GM@mTG-V microspheres promote NP regeneration by reconstructing IVD biomechanics and inflammatory microenvironment.

作者信息

Gao Rong, Zhang Yongfeng, Deng Bo, Zhang Jiawei, Liang Zhuowen, Wei Zhao, Xu Feng, Ding Tan

机构信息

Department of Orthopedics, Xijing Hospital, The Fourth Military Medical University, Xi'an, Shaanxi 710032, China.

Bioinspired Engineering and Biomechanics Center (BEBC), Xi'an Jiaotong University, Xi'an, 710049, China.

出版信息

Mater Today Bio. 2025 May 23;32:101897. doi: 10.1016/j.mtbio.2025.101897. eCollection 2025 Jun.
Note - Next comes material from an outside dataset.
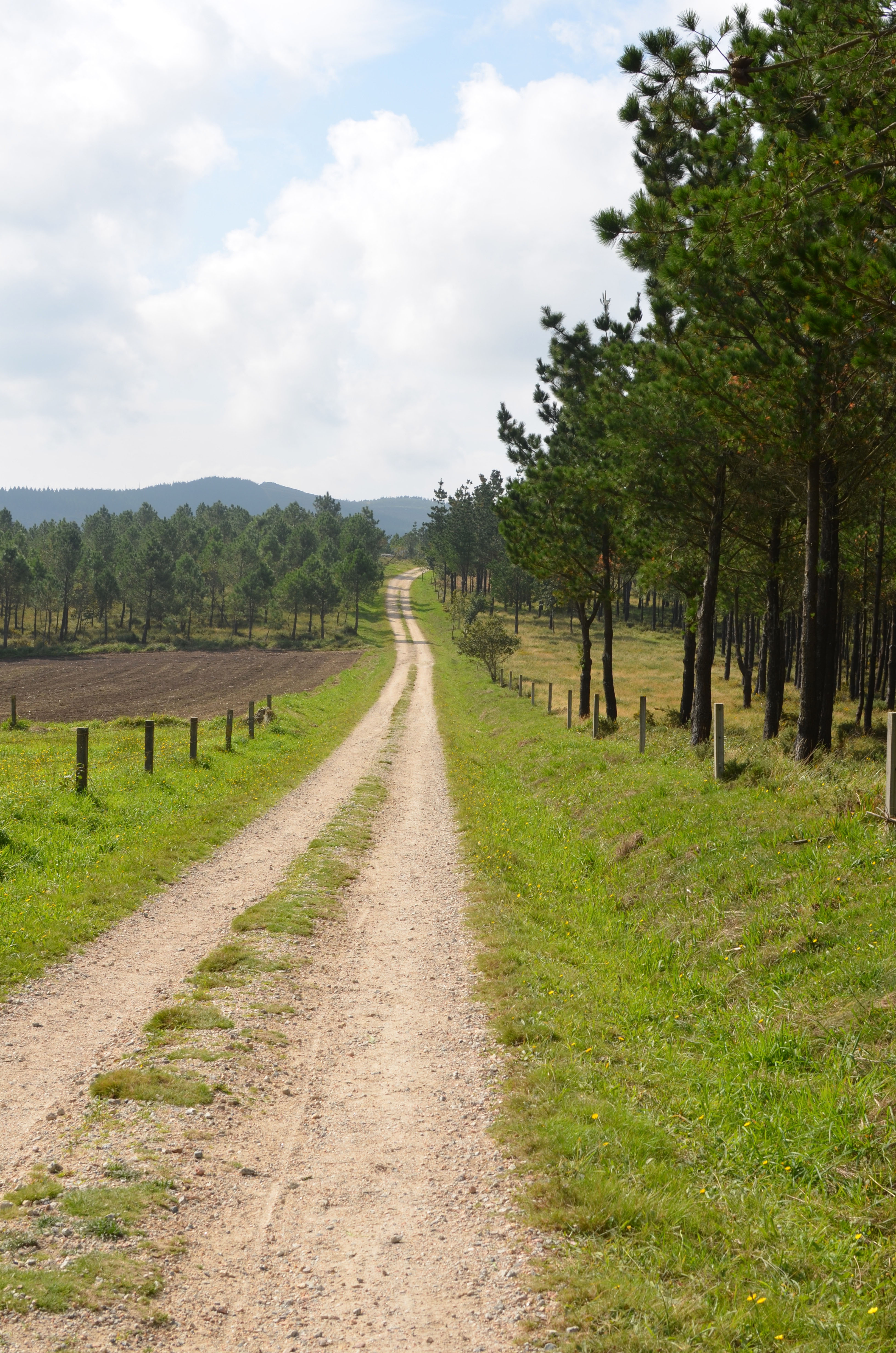 Proctor en Segovia experiential education walking the Camino de Santiago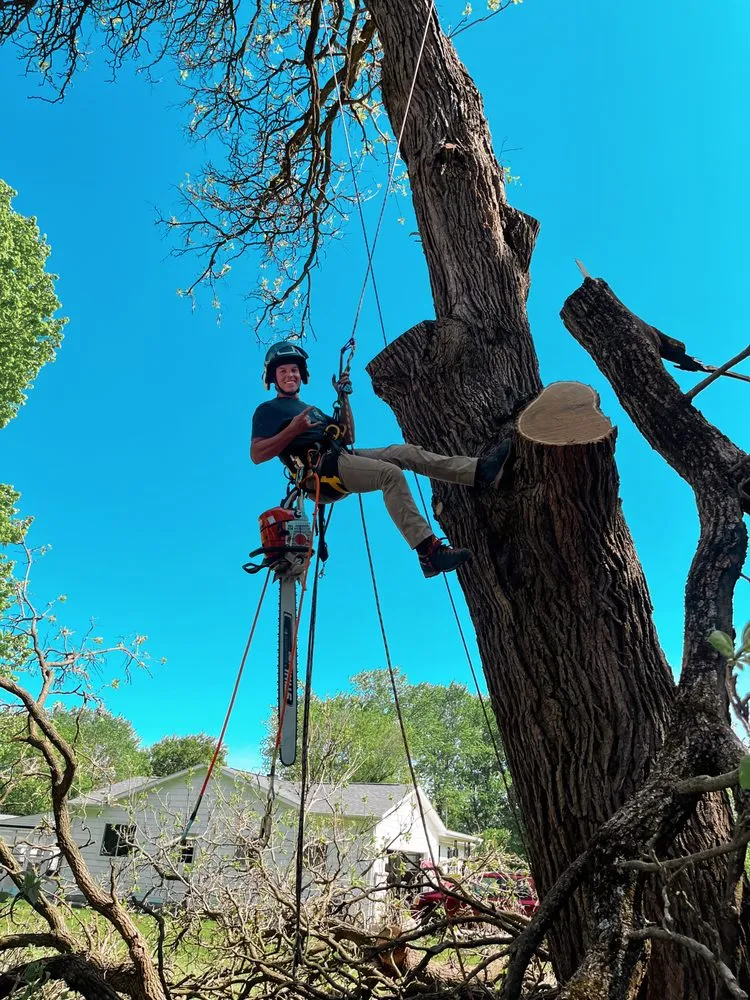 Local garden landscaping near you in Clio, MI by JJ’s Tree Service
DOI:10.1016/j.mtbio.2025.101897
PMID:40502369
原文链接:https://pmc.ncbi.nlm.nih.gov/articles/PMC12152893/
Abstract

Intervertebral disc degeneration (IVDD) has emerged as a significant global public health challenge, imposing substantial burdens on both individuals and society. Growing evidence suggests that modulating the mechanical microenvironment and alleviating inflammation in degenerated IVDs can promote tissue regeneration. In this study, we integrated natural pharmaceuticals with tissue engineering strategies to develop functionalized microspheres (GM@mTG-V) through microfluidic synthesis, where vanillin - a natural compound with anti-inflammatory and antioxidant properties - was polymerized with gelatin methacryloyl (GelMA, composed of gelatin derived from methyl acrylamide and methacrylate groups). In vitro, the functionalized microspheres not only enhanced vanillin release efficiency but also effectively suppressed inflammatory responses and oxidative stress in nucleus pulposus (NP) cells. By dynamically regulating matrix stiffness, these microspheres could remodel the mechanical microenvironment of degenerated IVD, significantly promoting extracellular matrix (ECM) secretion. In vivo, both 4 week and 8 week IVDD models demonstrated that GM@mTG-V markedly reduced tissue inflammation, accelerated ECM accumulation, and restored IVD structure, as confirmed by radiographic and histological analyses. This study verifies that GM@mTG-V promotes regeneration of degenerated IVD through dual mechanisms: stabilizing mechanical matrix stiffness and suppressing inflammatory microenvironments, providing a novel and promising therapeutic strategy for early stage IVDD.

摘要

椎间盘退变(IVDD)已成为一项重大的全球公共卫生挑战,给个人和社会都带来了沉重负担。越来越多的证据表明,调节退变椎间盘的力学微环境并减轻炎症可促进组织再生。在本研究中,我们将天然药物与组织工程策略相结合,通过微流控合成技术制备了功能化微球(GM@mTG-V),其中香草醛(一种具有抗炎和抗氧化特性的天然化合物)与甲基丙烯酰化明胶(GelMA,由甲基丙烯酰胺和甲基丙烯酸酯基团衍生的明胶组成)聚合。在体外,功能化微球不仅提高了香草醛的释放效率,还能有效抑制髓核(NP)细胞中的炎症反应和氧化应激。通过动态调节基质硬度,这些微球可以重塑退变椎间盘的力学微环境,显著促进细胞外基质(ECM)分泌。在体内,4周和8周的IVDD模型均表明,GM@mTG-V显著减轻了组织炎症,加速了ECM积累,并恢复了椎间盘结构,影像学和组织学分析证实了这一点。本研究证实,GM@mTG-V通过稳定力学基质硬度和抑制炎症微环境这两种机制促进退变椎间盘再生,为早期IVDD提供了一种新颖且有前景的治疗策略。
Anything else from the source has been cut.